Work order: Please print the line that holds "327 Santa Cruz" and each line after it to the end of the data, word for word, without any pictures.
====== Material provided
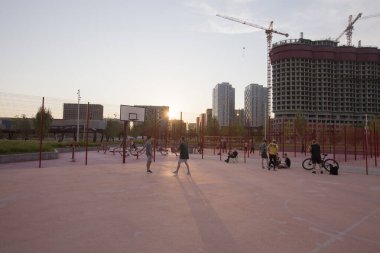 Moskova, Rusya - 08.08.2021 kişi çitlerin arkasında basketbol oynuyor. Tyufeleva Roshcha Parkı, Zilart. ! melk peyzaj mimarisi şehir tasarımı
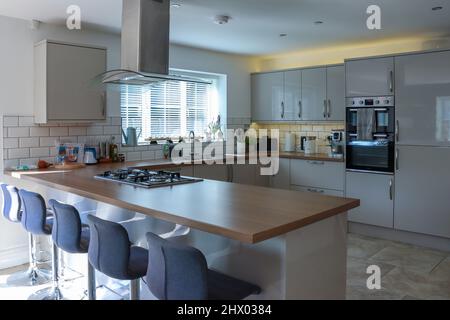 Vista su una cucina moderna con un bar per la colazione Foto Stock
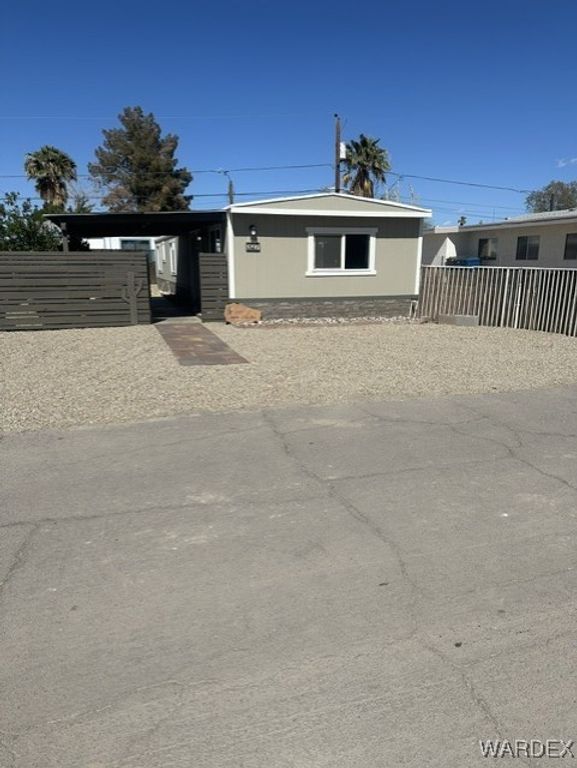 327 Santa Cruz Avenue, Bullhead City, AZ 86442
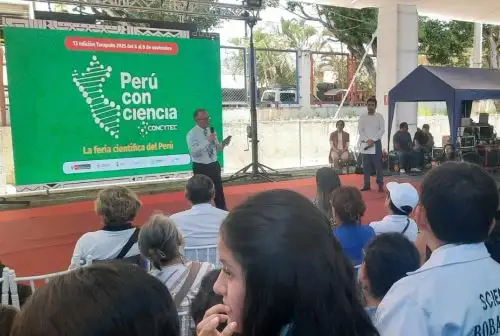 Con un vistoso pasacalle se inauguró esta mañana la feria "Perú con Ciencia" en la ciudad de Tarapoto, región San Martín. En el certamen se presentará más de 100 proyectos de ciencia y tecnología. ANDINA/Difusión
============
Written response:
 327 Santa Cruz Avenue, Bullhead City, AZ 86442
 Con un vistoso pasacalle se inauguró esta mañana la feria "Perú con Ciencia" en la ciudad de Tarapoto, región San Martín. En el certamen se presentará más de 100 proyectos de ciencia y tecnología. ANDINA/Difusión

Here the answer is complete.